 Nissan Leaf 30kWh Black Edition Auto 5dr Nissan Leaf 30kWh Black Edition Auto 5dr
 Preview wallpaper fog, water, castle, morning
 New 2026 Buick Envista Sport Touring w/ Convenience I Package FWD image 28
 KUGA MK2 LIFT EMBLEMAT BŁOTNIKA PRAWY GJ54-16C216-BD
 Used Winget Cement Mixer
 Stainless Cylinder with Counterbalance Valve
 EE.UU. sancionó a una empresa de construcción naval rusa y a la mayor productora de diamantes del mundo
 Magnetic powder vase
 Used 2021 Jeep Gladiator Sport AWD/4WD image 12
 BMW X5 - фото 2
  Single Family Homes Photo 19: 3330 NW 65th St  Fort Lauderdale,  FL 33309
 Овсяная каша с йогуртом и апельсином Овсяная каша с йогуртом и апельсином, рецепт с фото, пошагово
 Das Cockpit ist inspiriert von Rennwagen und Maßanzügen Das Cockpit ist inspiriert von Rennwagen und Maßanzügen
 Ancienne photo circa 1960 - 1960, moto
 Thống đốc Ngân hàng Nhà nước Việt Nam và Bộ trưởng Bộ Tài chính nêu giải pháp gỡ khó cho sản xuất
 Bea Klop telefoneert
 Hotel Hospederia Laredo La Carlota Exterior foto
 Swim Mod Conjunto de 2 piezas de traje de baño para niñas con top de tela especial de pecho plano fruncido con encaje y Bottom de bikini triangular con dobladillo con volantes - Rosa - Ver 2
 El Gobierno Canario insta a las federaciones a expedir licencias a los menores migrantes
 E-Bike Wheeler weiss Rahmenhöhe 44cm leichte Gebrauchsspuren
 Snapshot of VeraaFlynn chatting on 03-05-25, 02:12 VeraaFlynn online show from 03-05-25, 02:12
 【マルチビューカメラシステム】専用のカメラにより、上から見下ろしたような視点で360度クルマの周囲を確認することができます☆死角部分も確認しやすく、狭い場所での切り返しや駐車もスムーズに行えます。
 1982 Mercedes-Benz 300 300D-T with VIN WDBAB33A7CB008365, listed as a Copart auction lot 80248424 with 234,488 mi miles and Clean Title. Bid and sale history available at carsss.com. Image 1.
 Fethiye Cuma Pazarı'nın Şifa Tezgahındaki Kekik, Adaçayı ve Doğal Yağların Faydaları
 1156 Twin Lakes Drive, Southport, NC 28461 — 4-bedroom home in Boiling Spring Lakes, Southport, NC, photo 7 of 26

------------------------------------------------------------------------

**INSTRUCTIONS TO FOLLOW:** In the entries above, please find the line with "1982 Mercedes-Benz 300" and the line with "Fethiye Cuma Pazarı'nın", then write out exactly those two lines and every line between them, and nothing more.

**EXERCISE RESPONSE:**
 1982 Mercedes-Benz 300 300D-T with VIN WDBAB33A7CB008365, listed as a Copart auction lot 80248424 with 234,488 mi miles and Clean Title. Bid and sale history available at carsss.com. Image 1.
 Fethiye Cuma Pazarı'nın Şifa Tezgahındaki Kekik, Adaçayı ve Doğal Yağların Faydaları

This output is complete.